WASHINGTON - An Indonesian-born businessman received wire transfers from two Hong Kong companies at the same time he was contributing to President Clinton's re-election campaign, raising the possibility that Chinese money could have ended up in U.S. campaign coffers, Newsweek reported Sunday.
Confidential bank records examined by Newsweek showed that Ted Sioeng received the wire transfers from two holding companies that handled his business in China.
Sioeng's bank account received at least $2.1 million in transfers last year at the time he and his daughter were giving generously to the Democratic National Committee, the magazine said. His lawyer has said Sioeng contributed money from real estate profits and adamantly denies that Sioeng acted as an agent for China.

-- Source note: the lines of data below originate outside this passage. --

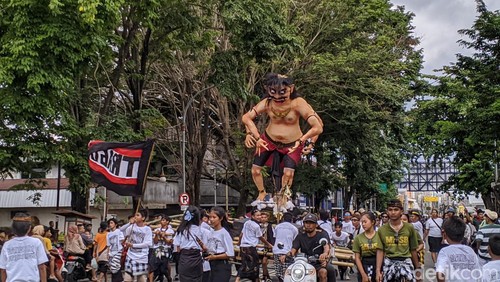 Suasana pawai ogoh-ogoh di Kota Mataram, Minggu siang (10/3/2024). (Ahmad Viqi/detikBali).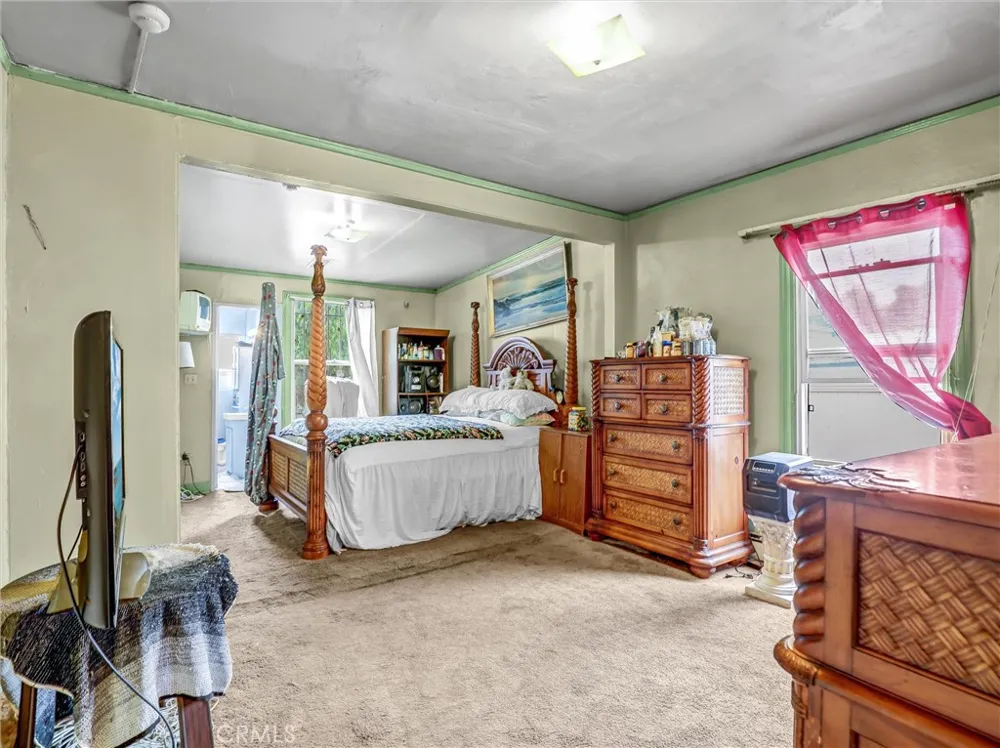 405 S Ward Compton, CA 90221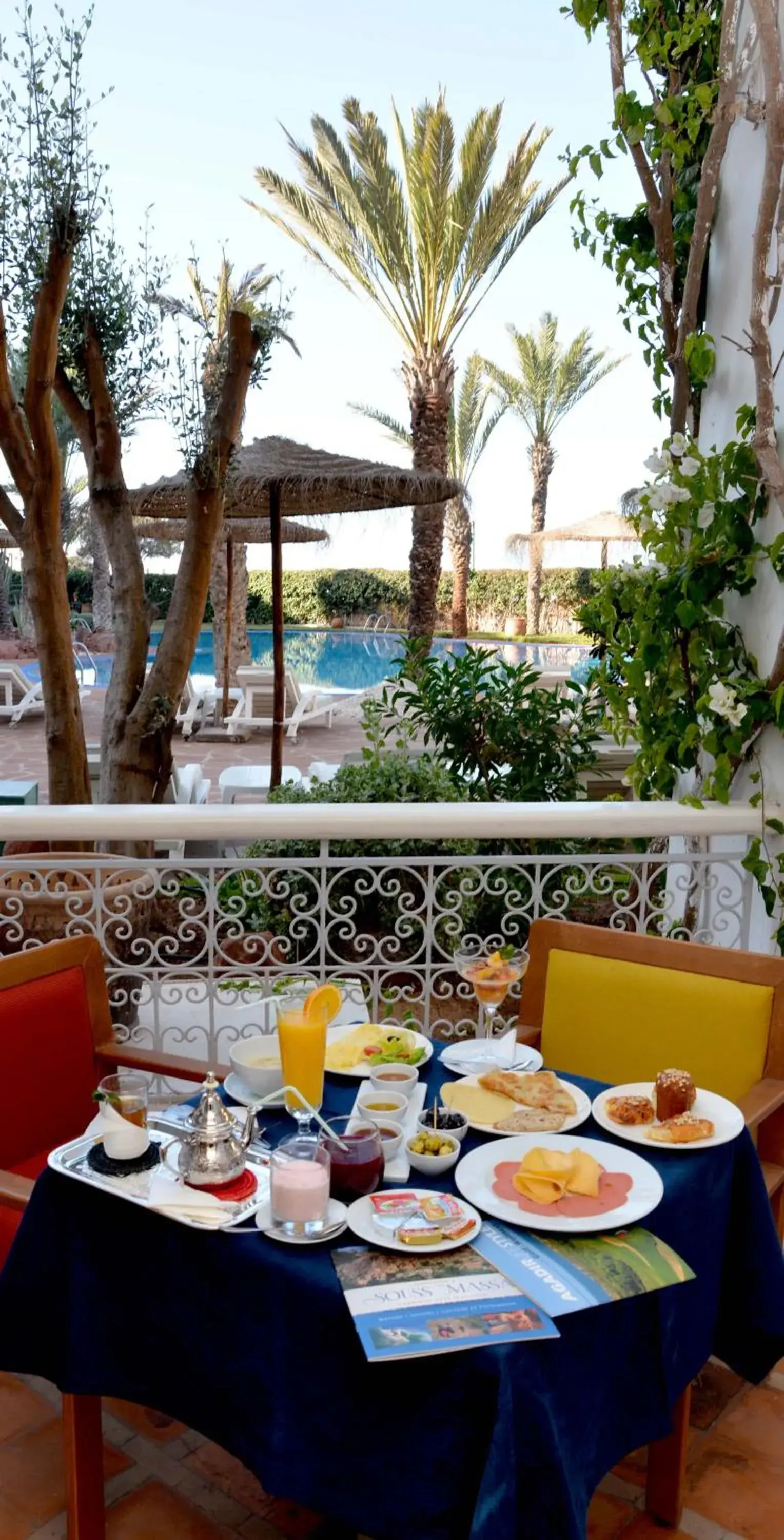 Breakfast, Restaurant/Places to Eat in Borjs Hotel Suites & Spa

Investigators for Sen. Fred Thompson's Senate committee could produce no proof that Chinese officials bought influence by illegally funneling money to U.S. campaigns.
But Sioeng's bank accounts at the Grand National Bank in suburban Los Angeles prompted federal officials to convene a grand jury in Los Angeles to investigate him and other contributors, Newsweek said.
Investigators also are looking into why Sioeng flew Chinese provincial officials to the United States for "training courses" using Chinese money. His name also was mentioned in intercepted Chinese communications in which Beijing officials discuss how to influence U.S. politics, the newsmagazine said.